The day and night cycling lights have become popular with marine fish keepers over the past decade or so, and custom light fixtures with hallide lamps and a controller can cost over £1000. I already have one which I made for my daughter's fishtank, but the software is very rudimentary and not designed to be particular user friendly,I anticipated that only I would need to set the settings.

As far as I know you can't dim regular fluorescents properly down below about 40% brightness , but it is possible to dim 'high frequency' tubes, and perhaps they are creating a batch of high frequency tubes for the job.

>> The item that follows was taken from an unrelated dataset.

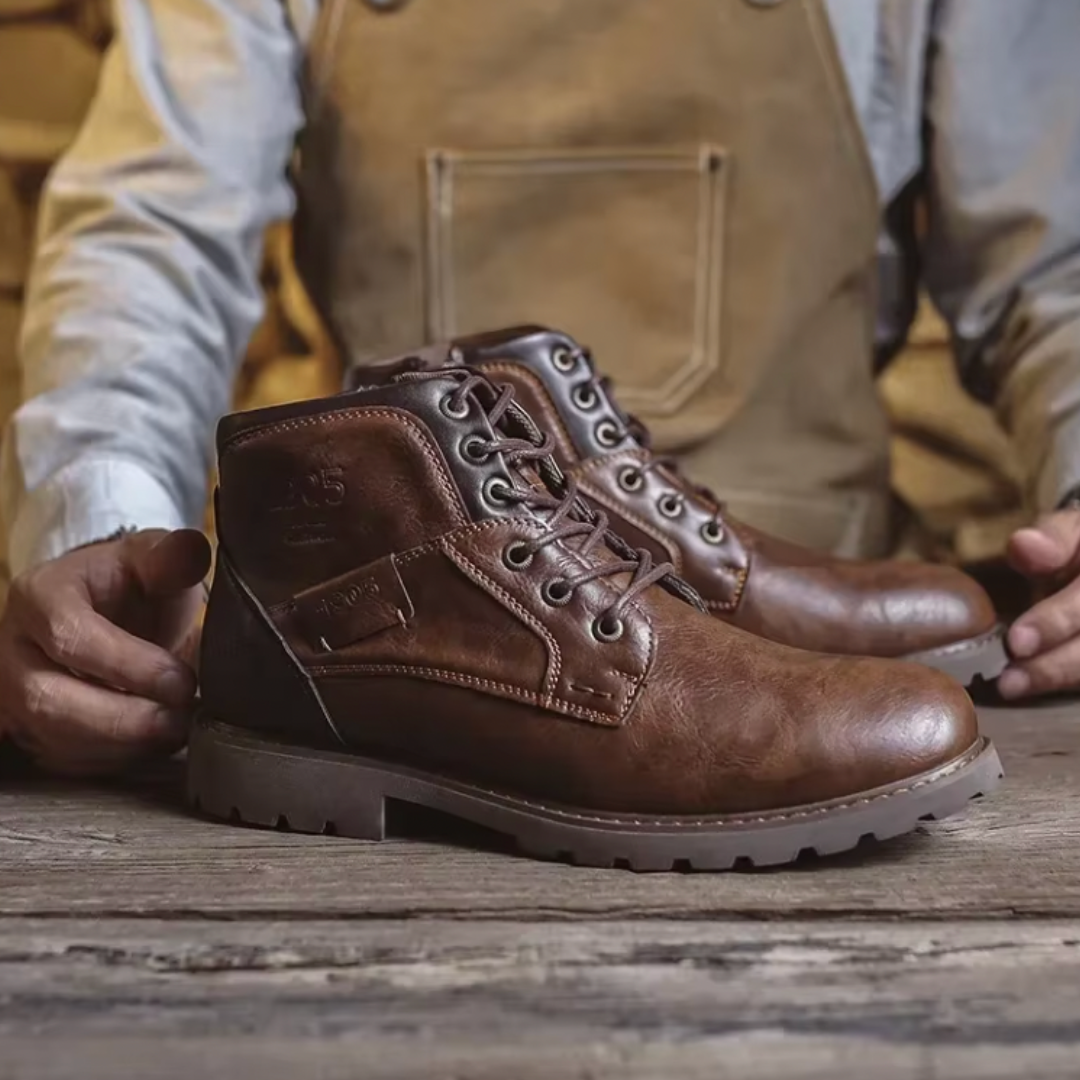 Silas | Men's Vintage Leather Ankle Boots Lace-Up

I succesfully dimmed CCFL, sometimes known as PC mod lights, or neons, and these ar inherently much safer because they are low voltage devices. Not that mains devices are particularly dangerous when given the proper respect.

Now that we're soon to adopt a chameleon I have resurected the project and will be making it more user friendly, and probably releasing it as a public domain opensource project. I buillt the last one for a cost of £12 in electronics, which included the case and power supply, and another £8 on LED's from ebay, and spent a few days wiring it together of course.

It has a simple user interface with an LCD display, and can perform the following.....

Day/Night transitions
You set the time for dawn and the time for dusk, and specify how liong you wish dawn and dusk to last for, and the software slowly dims the daytime lighting and brings up the moonlight, blue led's in my case (with some UVA led's to intensify colours)

Colourburst at sunset/sunrise
By adding a few cheap red and yellow LEDs an intensity increase of the warmer spectrum of colours for sunrise and sunset is created.

Cloud simulation
It will be possible to enter a percentage for maximum cloud cover, and specify how often the clouds should appear, randomly causing a slight dimming and colour shift of the lights in the tank.

UV lamp control
A switched output which can be used to switch AC mains devices through a suitable relay, so if like us you have a UV fluorescent tube you can set it to come on only in conditions of full daylight

Auxillary switch
Another switched output which could be used to switch anything, we will probably use it for a small fan. It will be possible to make it come on up to 9 times each day, for any length of time, which will allow us to do a small air purge and improve ventilation periodically

Lunar cycling
The moonlight will also be subject to the cloud effect, but also it can simulate a 28.5 day lunar cycle. So throughout each 28.5 day cycle there will be a change in intensity of the moonlights between full moon to no moon. This is known to have positive benfits on the breeding habits of several species of animals. (but I am unable to confirm if this includes reptiles at the moment)

Light sensor input
If all this setting of software is too much like hard work, then by adding the light sensor and poutting it on a windowsill the tank will mimick the lighting conditions outside the building the unit is installed in. This has an added benefit that there is also a seasonal change in the periods of day/night

Web connectivity
This is not in the next planned product, and may be added later. But by adding a wireless router ( £30 ? ) the tank can send email alerts and mobile phone SMS messages if there are any problems. Also to be considered is a camera input, to send photographs/video from the viv either at regular intervals or in reply to a received text message or email to the lighting system. Total cost of this alone may come to £50 (if you DIY)

Chris


----------